COVID HERO: Alaskan Man Takes 14-Hour Boat Trips To Costco To Keep His Town Fed During Lockdown
How many people during this shutdown can personally claim to have saved 400 people from starving to death? This guy could… but he would never say it.
A tiny little Alaskan town, Gustavus, had their dock destroyed in a storm. That, together with the ferry system collapsing under the pandemic, and they were suddenly cut off from the world.
For a town that relies on that Ferry for their contact to the outside world — including groceries — that was a serious problem. Desperate times call for desperate measures. Along came their grocer, Toshua Parker, to the rescue with a totally ‘out of the box’ solution.
He bought an old 96-foot-long military landing craft and put it to use.
Toshua Parker, the owner of Icy Strait Wholesale in Gustavus, started loading shipping crates onto a boat to make a weekly 14-hour journey to a Costco in Juneau, 50 miles away, in order to supply his town with groceries.
Parker told the Post he picks up $30,000 worth of “basically everything–like milk, soil, meat” during his weekly voyages to Costco.
…Gustavus—which has no roads–began running out of supplies as the town went on lockdown, so Parker spoke with local fisherman and decided to make weekly trips on his “96-foot long converted military landing craft” – and scheduled the trips around tides and weather to Juneau.
“When we get to Juneau, we can’t get off the boat because of restrictions. So a different set of guys bring the supplies to the boat. Our guys load the stuff on the boat, Parker said. Then the staff of 15, turns around and makes the 7-hour voyage back to Gustavus where he uses the supplies to stock his grocery store.
…“We are going to keep doing what we’re doing,” said Parker. He is optimistic about the future, admitting he’ll “need to adjust to the new normal.”
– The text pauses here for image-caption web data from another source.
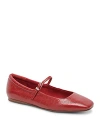 Dolce Vita Reyes Mary Jane In Red Crinkle Patent Leather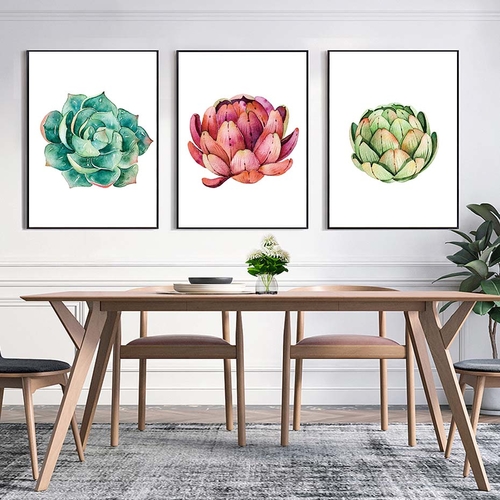 Nordic Succulent Cactus Posters And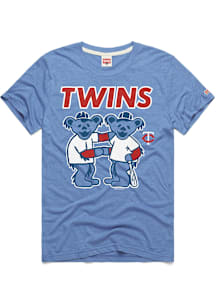 Homage Minnesota Twins Light Blue Grateful Dead Short Sleeve Fashion T Shirt
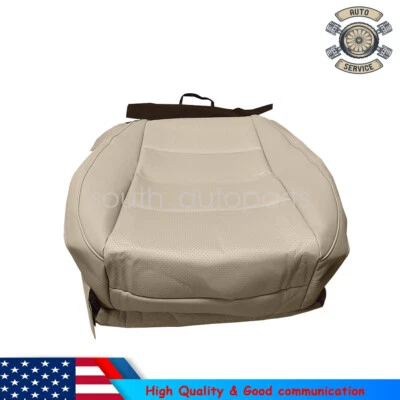 Driver Perforated Leather Bottom Seat Cover TAN For 2015-2019 Subaru Outback Foto 1 de 4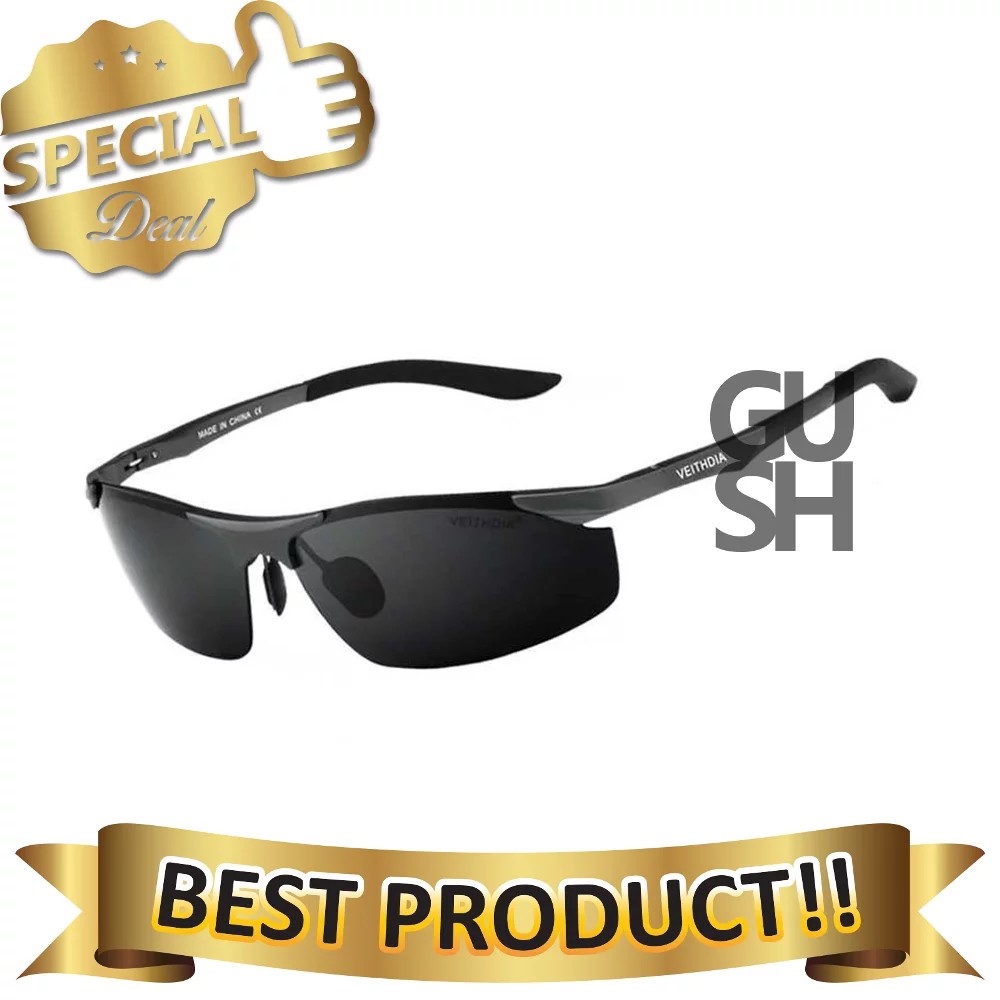 Kacamata Pria UV Polarize - Veithdia  6529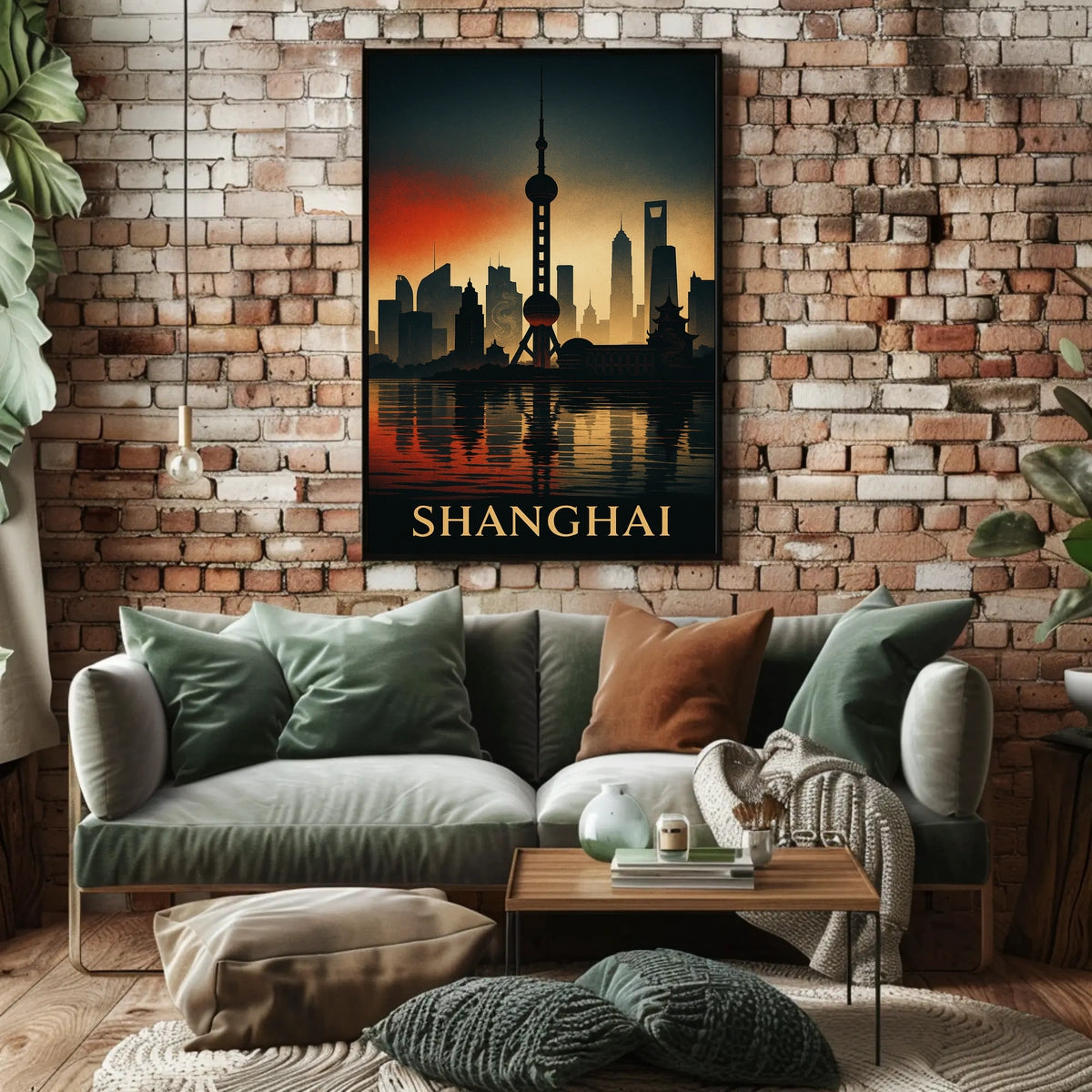 Shanghai Skyline Poster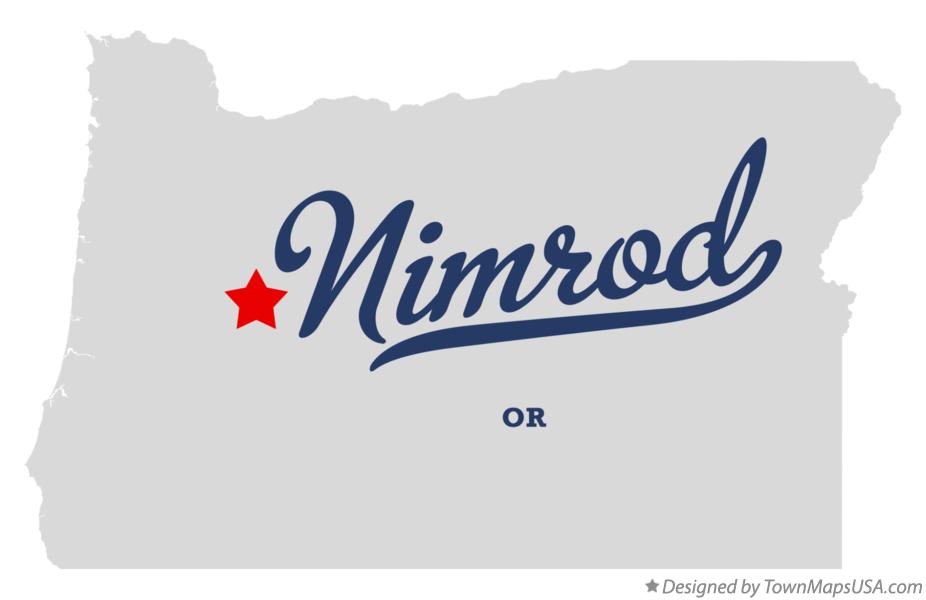 Map of Nimrod Oregon OR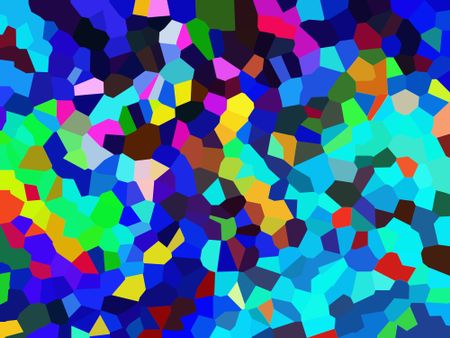Multicolored abstract crystallized background with stained-glass effect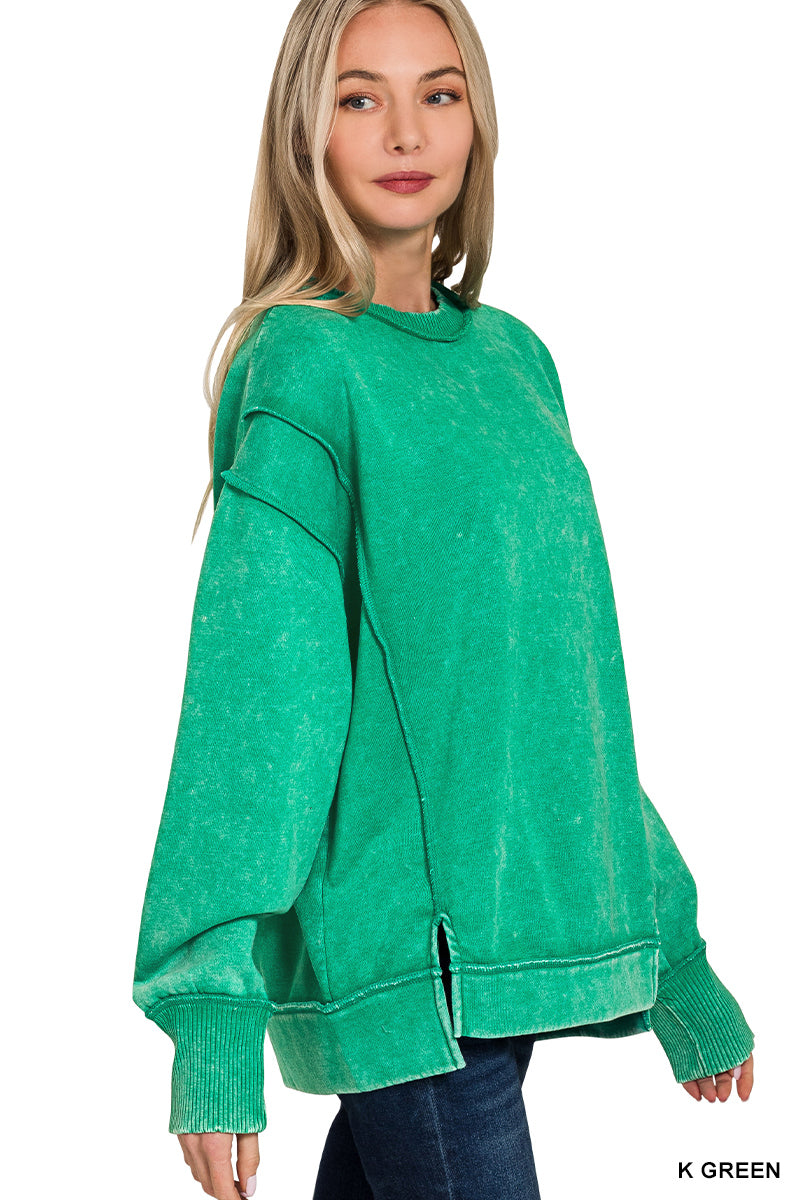 COZY DAYS PULLOVER KELLY GREEN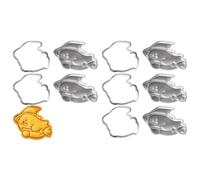 Lot de 5 moules à biscuits d'Halloween en forme d'ours pour pâtisserie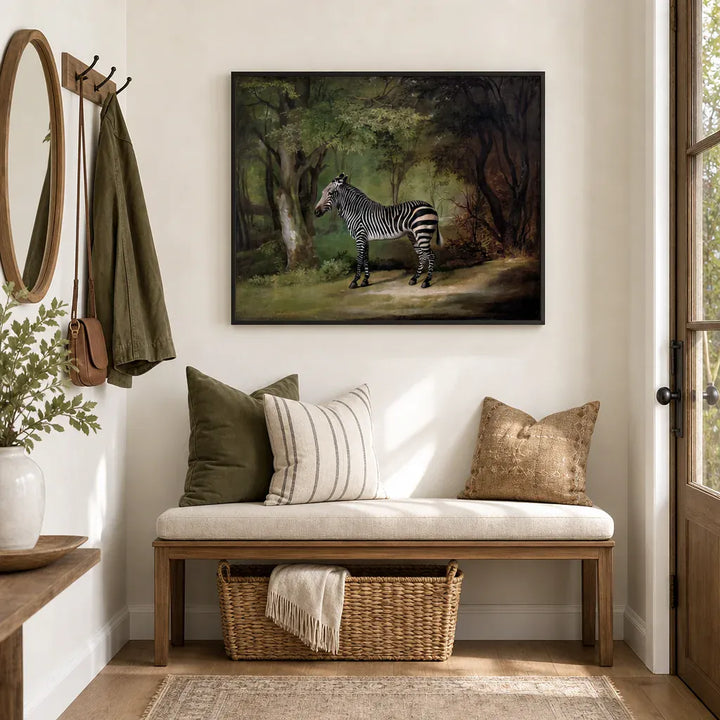 Room mockup featuring Zebra by George Stubbs Art Print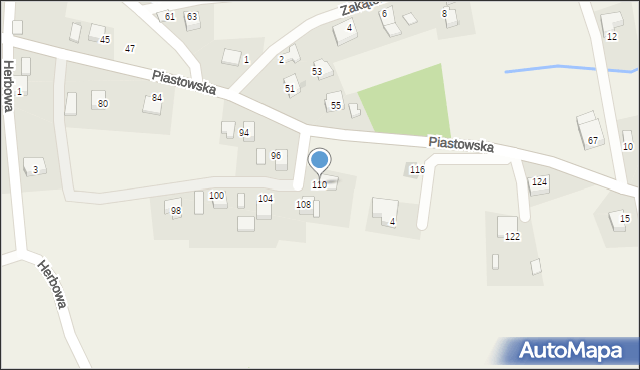 Rzeszotary, Piastowska, 110, mapa Rzeszotary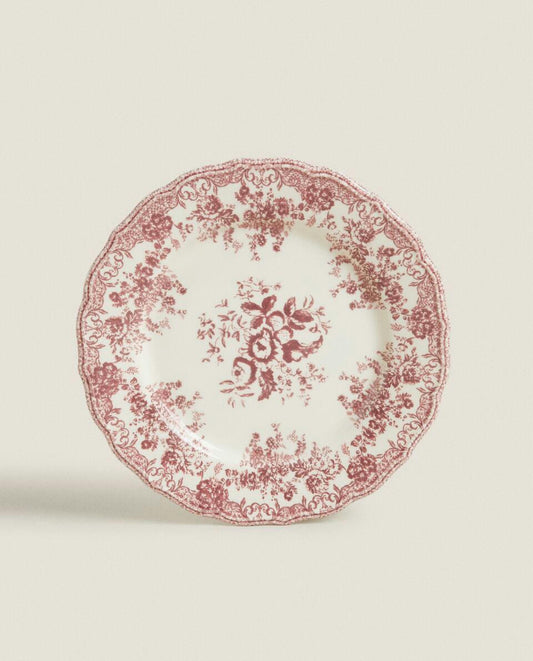 FLORAL EARTHENWARE TABLEWARE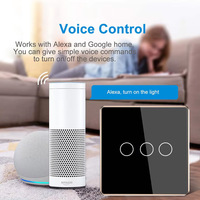 Interruptor de Luz de Pared Inteligente con Pantalla Táctil Activada por Voz, Acceso Remoto Inalámbrico para el Hogar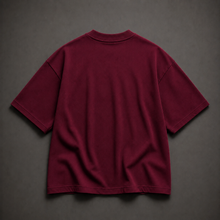 Burgundy Tee – Oversized Heavyweight Sada T-Shirt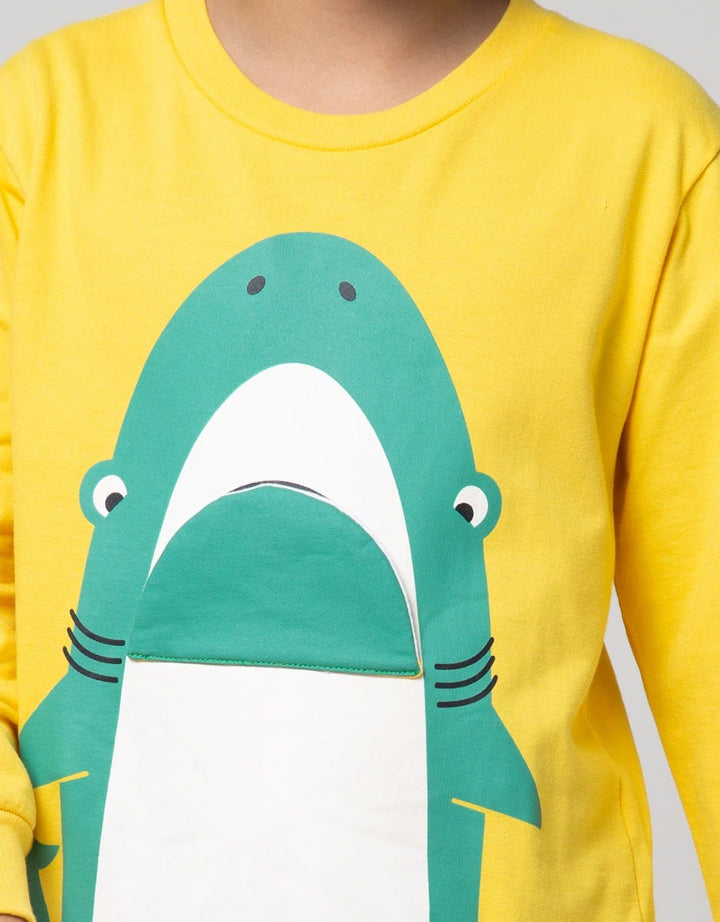 Little M Sweater Shark Aplikasi Flip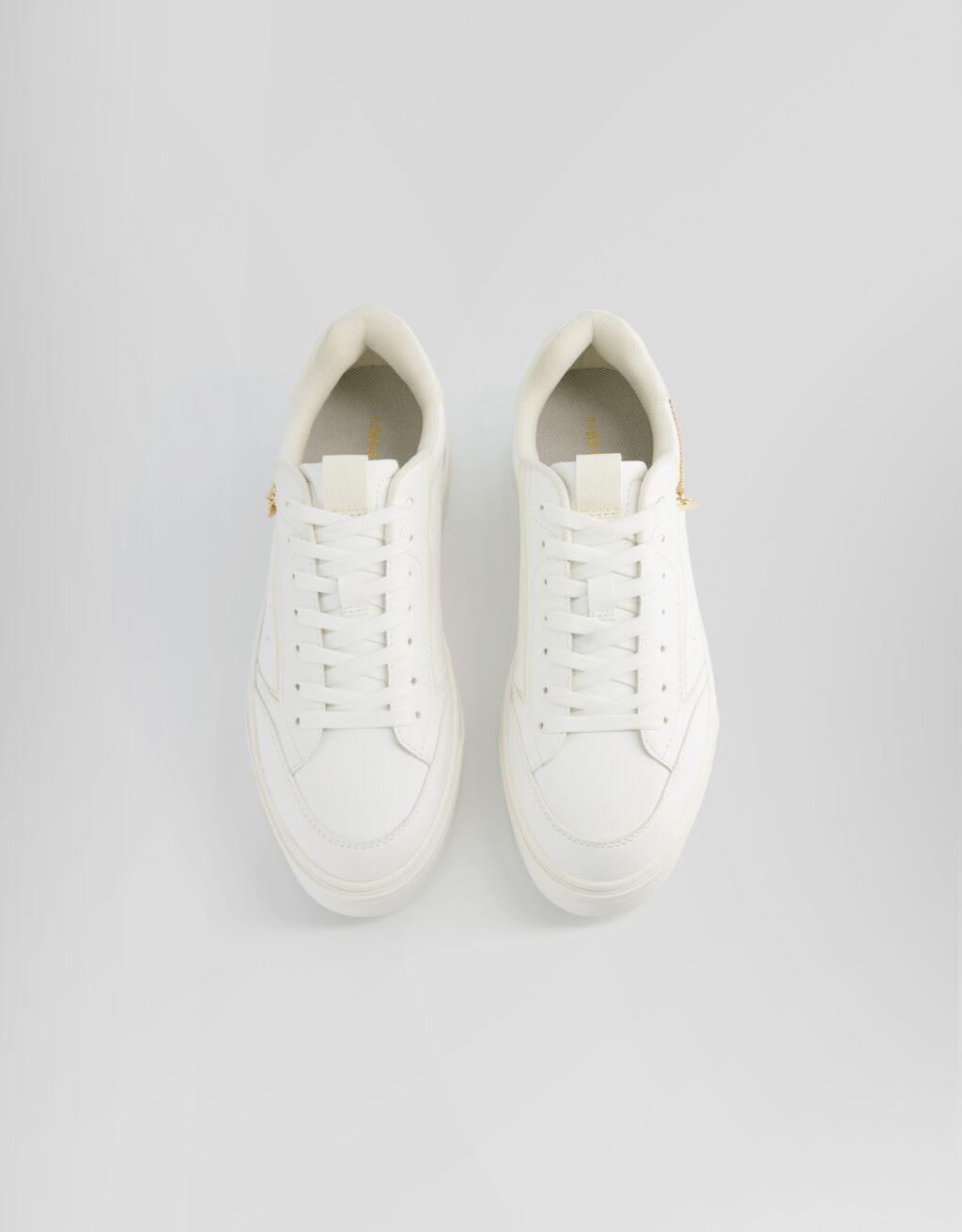 Platform trainers with chain detail-WHITE-4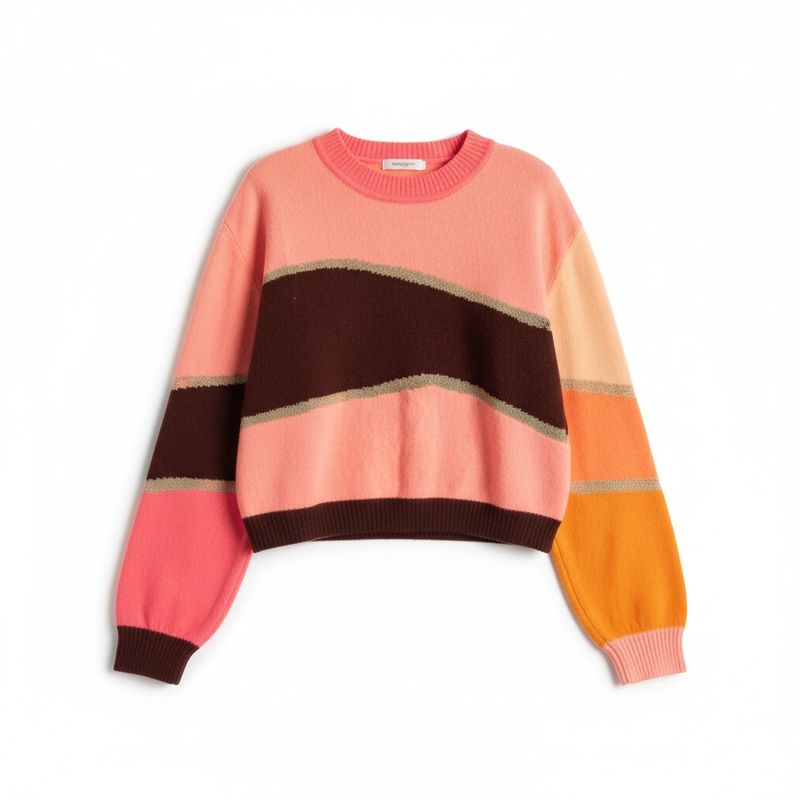 Abstract Scenic Crew - Cocoa/Neon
“Toshua pretty much saved the town,” Gustavus’ Mayor Casipit said in an interview with Tanks Good News. “I really don’t know what we would’ve done without him.” —NewYorkPost
Next time AOC and her ilk sharpen their knives for the ‘eat the rich’ thinking, remind them that it wasn’t some big-government socialist intervention that saved the town.
It was an entrepreneur — a BUSINESSMAN, even — who saved the town.
He did what businessmen always do — he saw a need and connected that need to a solution.
He took some of his own capital, invested in a boat. Bought enough groceries per trip to equal some people’s annual paycheck, and fed his community.
Imagine what would have happened if AOC’s dream of redistributing all his money had been achieved.
Who would have come to the rescue of that town? Who would have even had the ability to solve that problem?
Probably nobody. Most likely, the families would have been picked up by boat and brought to some larger community to ride out the crisis in a state of limbo. Who knows WHAT impact such dislocation would have had on that little town, or who might never have gone back?
Parker may have literally saved not just his neighbors, but his hometown itself.
Keep your eyes open. You never know when even your most unexpected skill set might be exactly the solution a desperate situation calls for.